In accordance with physical logic, the base current Ib=Ie-Ic, as a small percentage of the emitter current Ie, is the result of the DC operating point that is established (Ib is not the cause of Ie).
This means that these considerations are actually “forward-looking.”

By the way: That`s the classical sequence for designing a gain stage:
* Select Vcc, Rc and Ic (transconductance gm=Ic/Vt) for realizing the required gain value ;
* Design the corresponding base biasing (with consideration of Ib - if known and/or necessary)

 

This transitional configuration is known as a Darlington pair.
And for this configuration, Vce voltage cannot be smaller than Vce1 + Vbe2


Therefore, the minimum Vce voltage will be around Vce1(sat) + Vbe2 = 0.8V assuming Vce1(sat) = 0.2V and Vbe2 = 0.6V
And because of this, Q2 will never be saturated.
As for the exercise, we know Ie2 = 100mA and α1 = 0.98, α2 = 0.96.
So we have:
Ic2 = Ie1 * α2 = 100mA * α2 = 96mA
And from there we see that:
Ib2 = Ie2 - Ic2 = 4mA
Ib2 = Ie1, so Ic1 = 4mA*α1 = 3.92mA
This means that:
Ic = Ic1 + Ic2 = 3.92mA + 96mA = 99.92mA ≈ 100mA
Vce = 24V - 120Ω*100mA = 12V
And the simulation results you are getting are different from hand calculations because the model LTspice is using is a much more sophisticated one.
You shoud use a much simpler model

 

Please forgive me for the following – not particularly important – remark:
Why “backwards”?
In accordance with physical logic, the base current Ib=Ie-Ic, as a small percentage of the emitter current Ie, is the result of the DC operating point that is established (Ib is not the cause of Ie).
This means that these considerations are actually “forward-looking.”

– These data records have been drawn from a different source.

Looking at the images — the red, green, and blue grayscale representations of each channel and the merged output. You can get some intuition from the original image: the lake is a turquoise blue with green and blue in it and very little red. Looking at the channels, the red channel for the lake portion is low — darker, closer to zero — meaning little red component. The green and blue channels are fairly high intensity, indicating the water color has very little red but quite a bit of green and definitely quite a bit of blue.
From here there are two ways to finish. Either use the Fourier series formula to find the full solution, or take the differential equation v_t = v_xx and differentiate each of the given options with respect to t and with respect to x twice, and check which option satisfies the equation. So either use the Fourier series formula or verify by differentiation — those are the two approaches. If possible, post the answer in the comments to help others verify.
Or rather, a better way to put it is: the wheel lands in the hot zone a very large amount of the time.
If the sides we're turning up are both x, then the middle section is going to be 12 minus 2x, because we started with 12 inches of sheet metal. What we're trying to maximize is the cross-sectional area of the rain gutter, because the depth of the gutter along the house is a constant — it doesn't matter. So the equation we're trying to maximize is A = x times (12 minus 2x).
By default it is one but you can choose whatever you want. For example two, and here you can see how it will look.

By the way: That`s the classical sequence for designing a gain stage:
* Select Vcc, Rc and Ic (transconductance gm=Ic/Vt) for realizing the required gain value ;
* Design the corresponding base biasing (with consideration of Ib - if known and/or necessary)

Hi,

"Backwards" refers to the logical way we have to solve this. We KNOW the output values, we don't know the input values yet.
To get the input values we have to work from output to input. The output in this case is the final transistor's emitter current.
"Forward" would refer to what you are talking about, where we know the base current and can follow that through the transistors to get the output.

Simpler example:
We have an input DC voltage source and a resistor from input to output of 100 Ohms and the load is 100 Ohms. This creates a voltage divider.
We are told the output is 5vdc. What is the input?

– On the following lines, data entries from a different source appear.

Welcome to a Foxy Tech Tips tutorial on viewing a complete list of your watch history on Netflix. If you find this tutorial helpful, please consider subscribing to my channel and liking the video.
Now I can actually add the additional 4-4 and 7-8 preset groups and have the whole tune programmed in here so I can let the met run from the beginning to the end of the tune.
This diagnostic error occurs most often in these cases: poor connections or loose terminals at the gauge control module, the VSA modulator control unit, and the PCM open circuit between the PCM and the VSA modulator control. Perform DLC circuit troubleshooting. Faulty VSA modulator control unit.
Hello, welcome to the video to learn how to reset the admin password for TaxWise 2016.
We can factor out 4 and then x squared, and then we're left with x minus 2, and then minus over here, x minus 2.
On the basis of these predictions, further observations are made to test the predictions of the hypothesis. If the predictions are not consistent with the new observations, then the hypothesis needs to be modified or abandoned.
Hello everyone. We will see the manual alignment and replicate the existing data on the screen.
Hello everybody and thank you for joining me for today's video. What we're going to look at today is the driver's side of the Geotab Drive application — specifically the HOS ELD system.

We have to work 'backwards' to get the input:
Since the voltage divider has two equal resistors and the output voltage is 1/2 of the input, we can calculate that the input must be 2 times the output. Therefore, the input must be 10vdc.
We went from 5v to 10v, not from 10v to 5v. We still had to know the forward transfer ratio, but to get the actual answer we had to figure it as being from output to input which changed the transfer ratio from 1/2 to 2.

 

Hi,
......................
........................
simpler example:
We have an input DC voltage source and a resistor from input to output of 100 Ohms and the load is 100 Ohms. This creates a voltage divider.
We are told the output is 5vdc. What is the input?
We have to work 'backwards' to get the input:
:::::::::::::::::::

I agree, of course, to your example - because: The input DC voltage is the physical cause of the voltage divider output.

However, the situation is somewhat different for the BJT:
Here, the base curent Ib (into the input node of the BJT) is NOT the physical cause, but the RESULT of the biased device.
Instead, the current Ib is just a small part of the emitter current (a kind of unwanted "loss").
(Losses or any other unwanted byproducts are always the result of an electronic function).
But - as I have mentioned at the beginning of my post#13 - the whole thing is not too important, so let`s not further discuss this point (perhaps its only "semanthics").